Record set =>
____
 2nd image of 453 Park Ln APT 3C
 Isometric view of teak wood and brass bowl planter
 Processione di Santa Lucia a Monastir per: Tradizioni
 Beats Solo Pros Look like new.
____
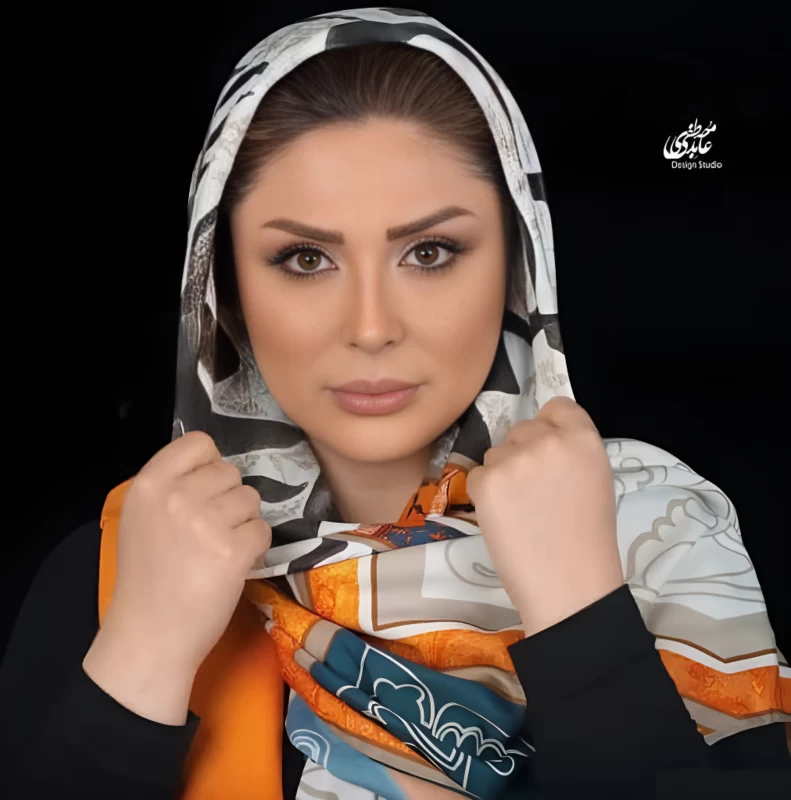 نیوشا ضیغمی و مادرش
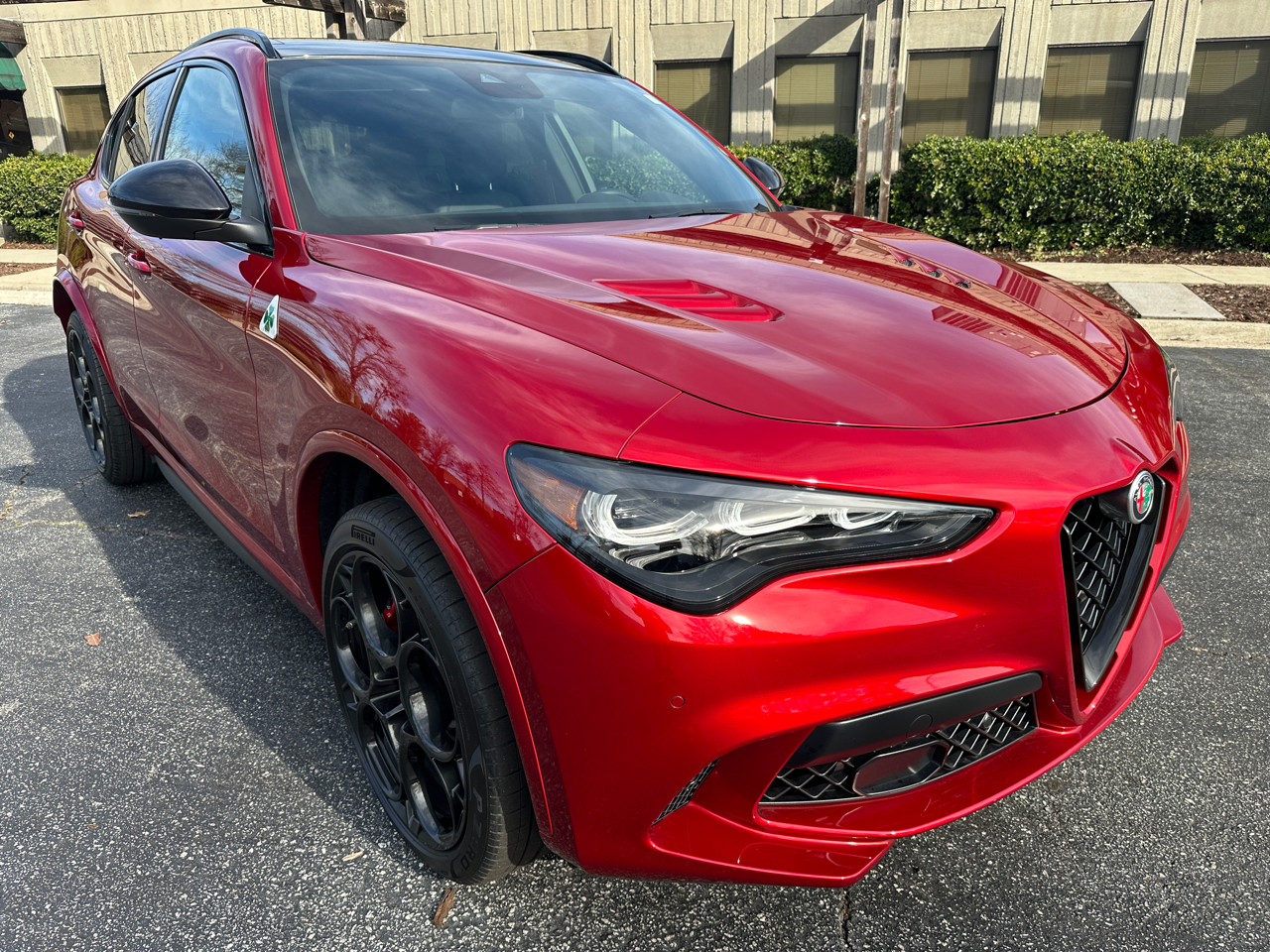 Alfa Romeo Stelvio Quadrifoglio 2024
____
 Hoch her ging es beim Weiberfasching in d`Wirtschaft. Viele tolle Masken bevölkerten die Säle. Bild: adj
____
Among the lines above, find the one with "Processione di Santa" and the one with "Beats Solo Pros Look like new.". Quote both and everything between them, exactly.

Answer area =>
 Processione di Santa Lucia a Monastir per: Tradizioni
 Beats Solo Pros Look like new.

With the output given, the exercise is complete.